Counterpoint and voice leading are among the few musical subjects where the traditional teaching order is essentially non-negotiable. You learn species counterpoint first — one deliberate constraint at a time — because it builds the ear and hand discipline that every later freedom depends on. Skip it and your part-writing stays muddy no matter how much theory you absorb.
This path follows that classical progression: strict counterpoint, then functional harmony, then the deeper structural view of how voices move across an entire piece.
Begin with strict species counterpoint
Start where the tradition starts, with The study of counterpoint by Johann Joseph Fux, the eighteenth-century text that taught Mozart and Beethoven and still teaches today. Then Counterpoint, the polyphonic vocal style of the sixteenth century by Knud Jeppesen refines it through the Palestrina style, and Modal counterpoint, Renaissance style by Peter Schubert makes that same modal practice approachable for modern students.
Add functional harmony
Counterpoint and harmony are two views of the same thing, so Harmony by Walter Piston and Tonal Harmony by Stefan Kostka give you the chord-based framework that voice leading operates inside. These are the standard college texts for good reason — thorough, clear, and full of examples.

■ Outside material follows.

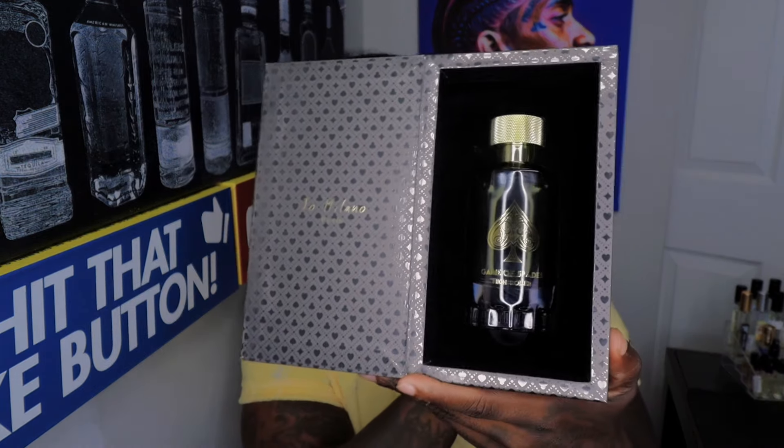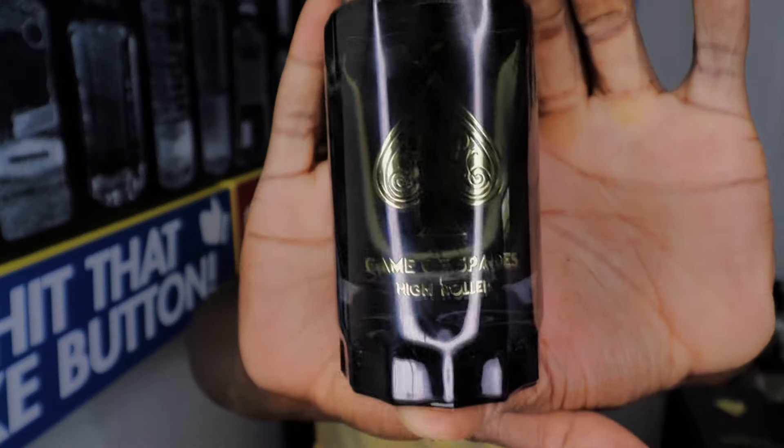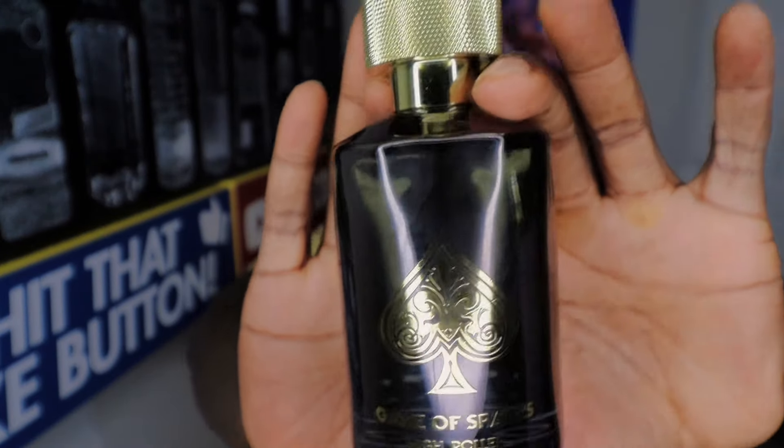The box comes in an almost grayish-brownish color. It is a parfum, it opens up like most of them. You take the bottle out — the bottle itself is also like a dark gray brownish tint type color, right there.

Reach toward structure and analysis
Counterpoint in composition by Felix Salzer bridges strict exercises and real composition, showing how contrapuntal thinking shapes actual pieces. Immerse yourself in the repertoire with Bach Riemenschneider 371 Harmonized Chorales And 69 Chorale Melodies with Figure, the canonical collection every voice-leading student works through.
Finally, Free Composition by Heinrich Schenker and Harmony and voice leading by Edward Aldwell reveal the deep structural layers beneath the surface — how a whole movement can prolong a single harmonic idea. Follow the full path and you'll hear music as motion between voices, not just chords in a row.